The current situation in Germany is by no means unique. In the UK, we saw furious complaints from defined benefit pension funds when the UK's actuarial profession proposed bringing individual transfer values in-line with market-consistent approaches being used for funding targets. This hot potato now rests in the hands of the UK's Department of Work and Pensions.

Cross-border problems can be even more intractable when individual rights are concerned. In Switzerland, individual accruals for occupational second pillar pensions are calculated using actuarially-based discount rates and guarantee rates - calculations that are used for transfer values. One hears of multinational companies that have a pension deficit in Switzerland, according to International Financial Reporting Standards, but have to pay hefty transfer values if they make Swiss employees redundant - a clever or fiendish bit of legislation, depending on one's perspective.

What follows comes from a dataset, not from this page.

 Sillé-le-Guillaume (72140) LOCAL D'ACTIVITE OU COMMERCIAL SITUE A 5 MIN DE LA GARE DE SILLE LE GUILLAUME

If contradictions like this are to be resolved, participants have to move on from the perception that a zero sum game is in progress. And there is always danger that governments will encourage such perceptions by reacting to scandals after the fact. In the UK, scandals such as Robert Maxwell's pillaging of the Mirror Group pension fund played a role in the strengthening of legal requirements that schemes guarantee indexation to members. That was before market-based valuation exposed the cost of such indexation and squeezed the gilt markets. The Dutch system - where discretionary indexation (ringfenced from shareholders) works as a useful solvency buffer - provides an important lesson for the UK.

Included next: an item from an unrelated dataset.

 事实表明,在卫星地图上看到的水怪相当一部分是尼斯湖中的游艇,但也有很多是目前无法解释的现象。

In the insurance sector, the Financial Services Authority has led the way in establishing a principles-based framework that protects policyholder claims and expectations. Combining financial supervision with what in countries like Germany is a separate, legal role could be the only way of avoiding the contradictions of consumer transparency.

Of course, as continental observers never fail to point out, the UK with-profits industry has struggled to recover from the twin challenges of market consistency and consumer transparency. Mrs Zypries, and her counterparts elsewhere on the continent, will need to tread carefully.